In one embodiment, late reverberation e.g., calculated by convolution with late reverberation synthesized or recorded in the room (h_late,left(t), h_late,right(t)) is performed according to the following formula:

l
_left(t)=s(t)*h_late,left(t)=∫_−∞^∞h_late,left(t−τ)s(τ)dτ

l
_right(t)=s(t)*h_late,right(t)=∫_−∞^∞h_late,right(t−τ)s(τ)dτ

This is a convolution formula in time domain. t denotes for time. * denotes for convolution in time domain. t denotes for time, τ is a variable, which should be integrated from −∞ to ∞. dτ stands for the smallest piece of the variable τ. s(t) is the input signal in time domain.

In one embodiment, the binaural signals are the sum of direct sound, early reflections and late reverberation:

Left=d_left(t)+e_left(t)+l_left(t)

Right=d_right(t)+e_right(t)+l_right(t)

FIG. 20 shows a schematic diagram of an apparatus for processing a stereo signal according to an embodiment. The apparatus comprises: a stereo signal obtain unit configured to obtain the stereo signal; a up-mix unit configured to obtain a center channel signal by up-mixing the stereo signal; one or more peak filters and one or more notch filters configured to filter the center channel signal to obtain a filtered center channel signal; and a binaural signal generate unit (204) configured to generate a binaural signal based on the filtered center channel signal.

In one embodiment, the up-mix unit is further configured to obtain a side channel signal by up-mixing the stereo signal; the apparatus further comprises a head related transfer function, HRTF, unit, the HRTF unit is configured to process the side channel signal, according to a first head related transfer function, to obtain a processed side channel signal; the HRTF unit is further configured to process the filtered center channel signal, according to a second head related transfer function, to obtain a processed center channel signal; and the binaural signal generate unit is configured to generate the binaural signal based on the processed side channel signal and the processed center channel signal.

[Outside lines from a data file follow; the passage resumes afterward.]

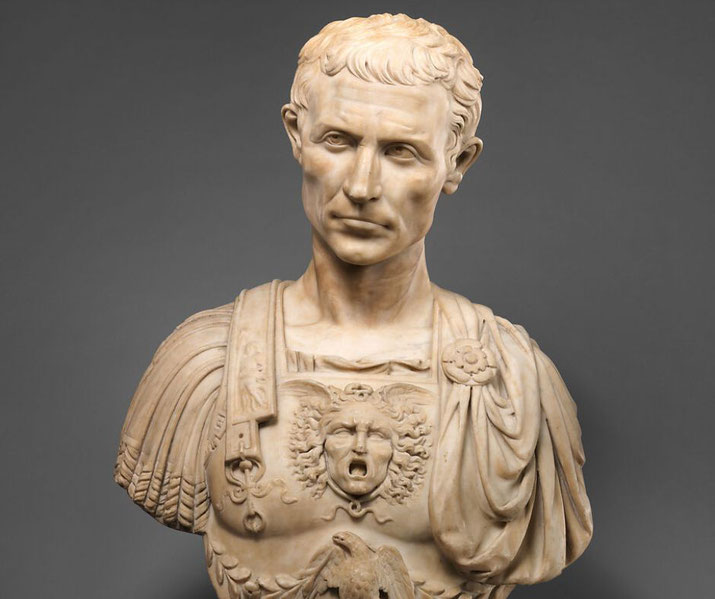 Julius Caesar in detailed military attire, featuring a sculpted cuirass with mythological imagery.
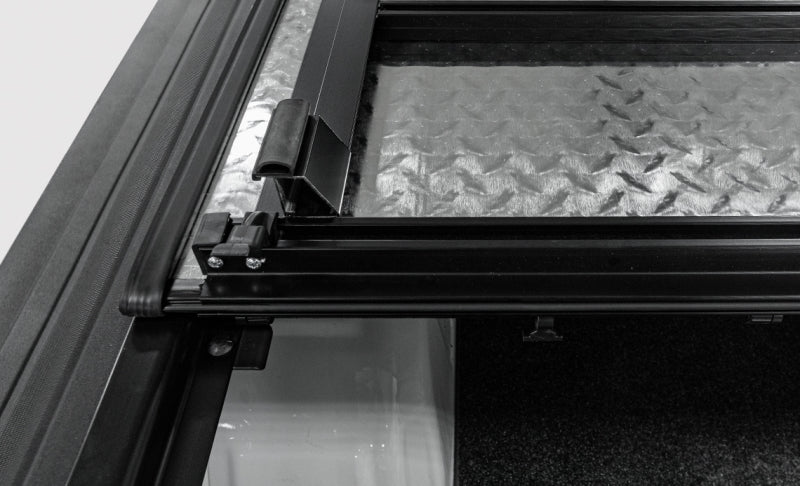 Load image into Gallery viewer, Access LOMAX Tri-Fold Cover Black Urethane Finish 20+ GM 2500/3500 - 6ft 8in Bed

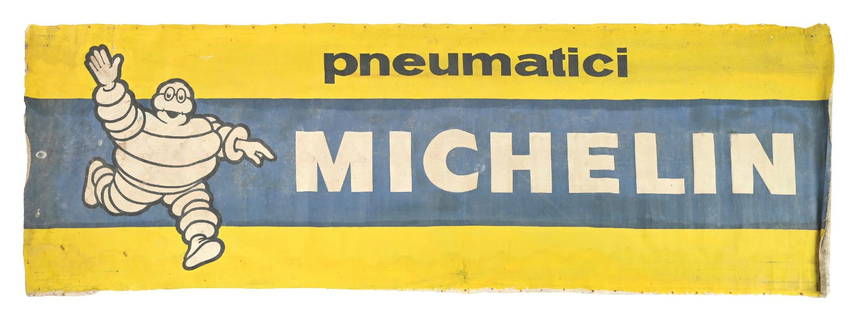 LARGE MICHELIN TIRES CLOTH BANNER WITH BIBENDUM GRAPHIC: Single-Sided Cloth Banner for Michelin Tires. CONDITION: Banner shows very good color, with general wear throughout the inner and outer field. Banner appears to have been stretched at one time,
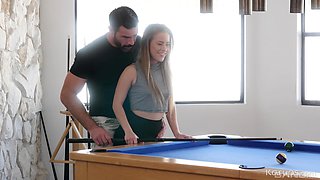 Cute teen enjoys more than just a game of pool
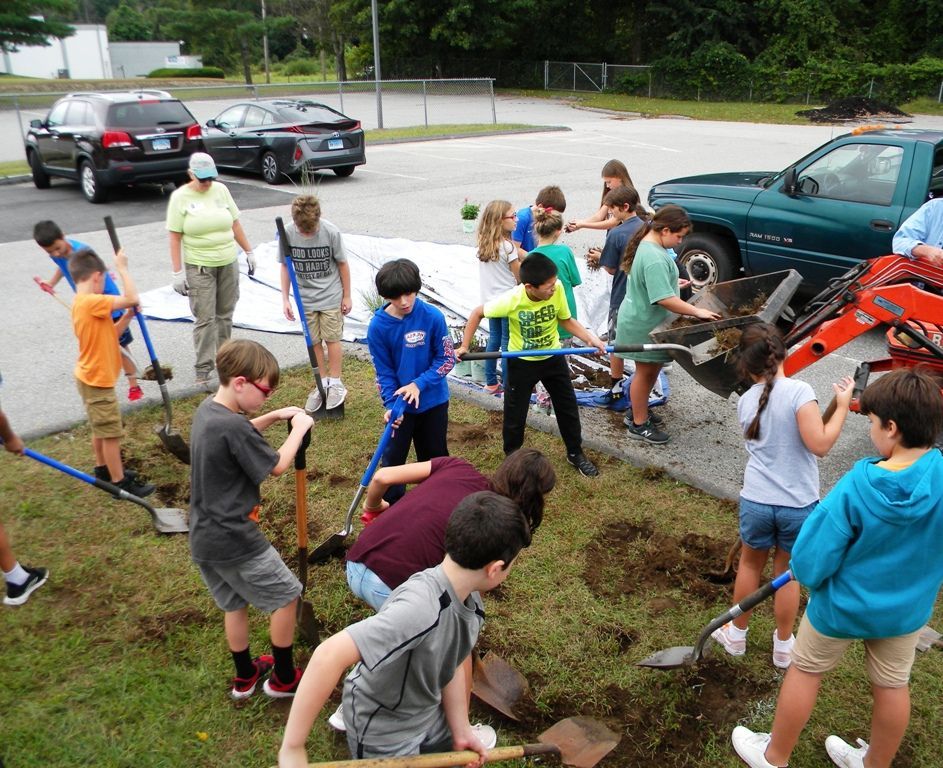 Photo of sixth grade students preparing a rain garden.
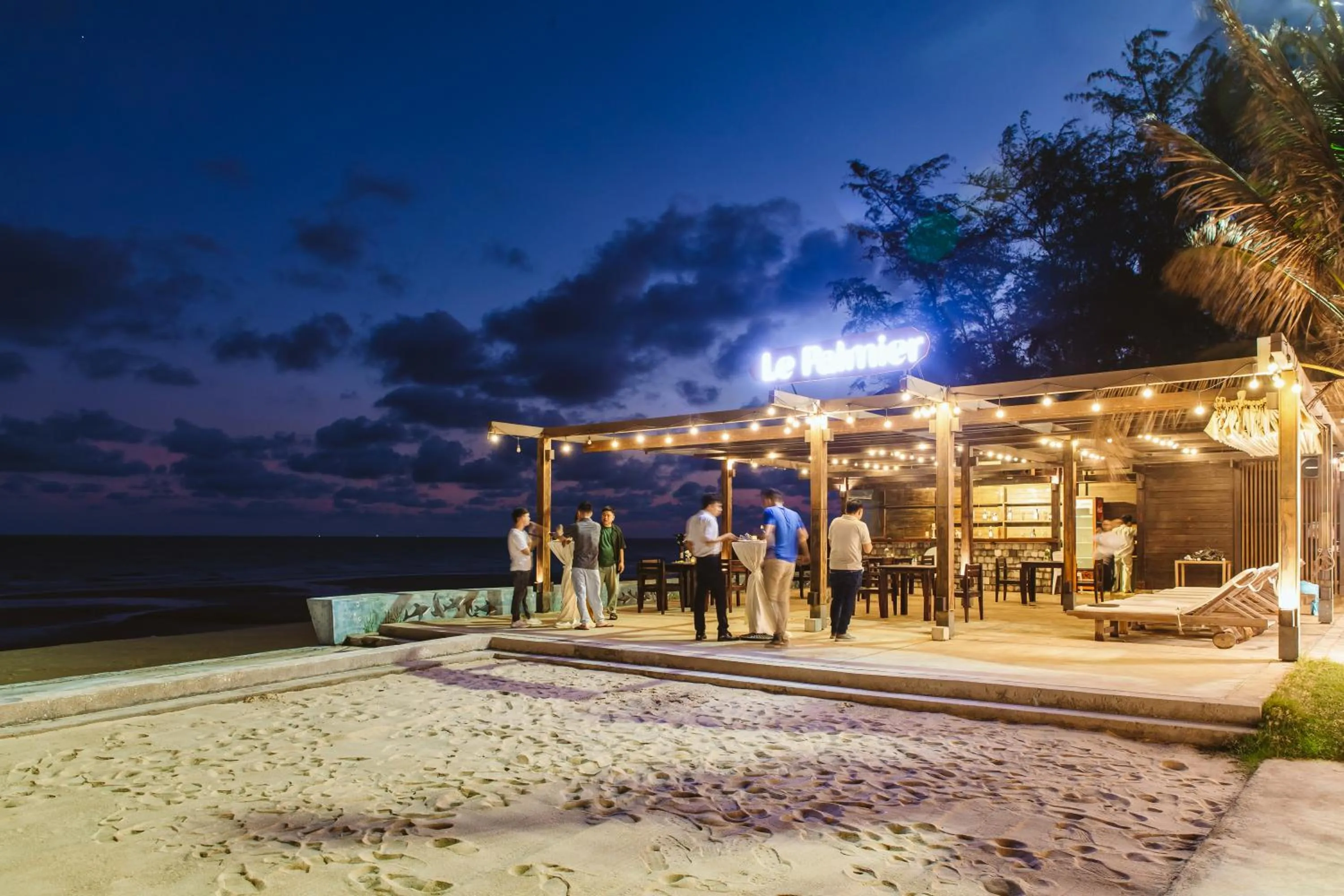 Lounge or bar in Le Palmier Ho Tram Resort - Beachfront with Private Beach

In one embodiment, the up-mix unit is further configured to obtain a left channel signal and a right channel signal by up-mixing the stereo signal; the apparatus further comprises a head related transfer function, HRTF, unit, the HRTF unit is configured to process the left channel signal and the right channel signal, according to two pairs of head related transfer functions, to obtain a processed left channel signal and a processed right channel signal; the HRTF unit is further configured to process the filtered center channel signal, according to a pair of head related transfer functions, to obtain a processed center channel signal; and the binaural signal generate unit is configured to generate a left signal of the binaural signal based on the processed left channel signal and the processed center channel signal, the binaural signal generate unit is configured to generate a right signal of the binaural signal based on the processed right channel signal and the processed center channel signal.